Draped Seated Woman is a sculpture with a history. Created in 1958 it once sat in midst of the Stifford Estate on Jamaica Street in Stepney Green. Moving there in 1962 it stayed until the estate itself was demolished. That was in 1997 and ‘Old Flo’ as the Eastenders had called her needed a new home.
The sculpture was bought as part of the London County Council’s Art Patronage Scheme. For the best part of 10 years from 1954 to 1964 it’s aim was to provide art to the masses. Commissioned and placed in council estates and schools, it’s legacy is still very much alive. Some of the public art it purchased is still going strong. Still standing proud in the communities they were bought for.

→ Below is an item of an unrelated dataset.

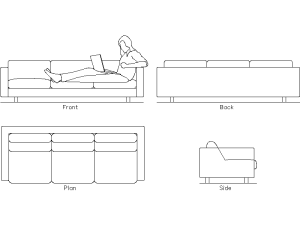 Bloques CAD 2D de sofá de 3 plazas en vistas de planta y alzado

Old Flo moved to Yorkshire
Since the demolition of the Stifford Estate though Moore’s masterpiece has been sitting in the open countryside of the Yorkshire Sculpture Park. One of the world’s foremost sculpture parks it was perhaps more suited to the open setting, looking out across the rolling countryside. But this was not where Old Flo was ever intended. It was meant for the East End and this has always been it’s rightful home.
Finally in 2017 it was brought back. Following an absence of 20 years Moore’s masterpiece was returned. It had been the source of some controversy after the former mayor of Tower Hamlets, Lutfer Rahman, had wanted to sell it. Now discredited due to electoral fraud. The sale was supposedly to cover shortfalls in the council budget. On his removal from office in 2015 however the sale was ceased.
Henry Moore Sculpture in Canary Wharf
Finally Draped Seated Woman was returned in 2017. One of the biggest challenges had always been to find an appropriate place to relocate the work. That place was eventually found. Sitting now on Cabot Square in Canary Wharf. It isn’t quite situated in the working class neighbourhood it was originally meant for. However it is nonetheless back in East London.
Moore’s inspiration behind Draped Seated Woman supposedly stems from his experiences of the blitz in the second world war. At least this is where he developed an interest in depicting the human form within draped and folded fabric. A series of shelter drawings made for the War Artists Advisory Committee seems to have been where the seed may have been planted.
Old Flo is a piece of public art which has had an impact. The East End estate where it started it’s life is no longer there. The sculpture which now sits a few miles away is the only reminder of it. Certainly it would have formed part of the life of the area. Nowadays it’s value is supposedly to be upwards of £18 million. However tell that to the kids in Stepney Green who would have grown up playing on and around it. Clambering up and down Old Flo like she was one of the family.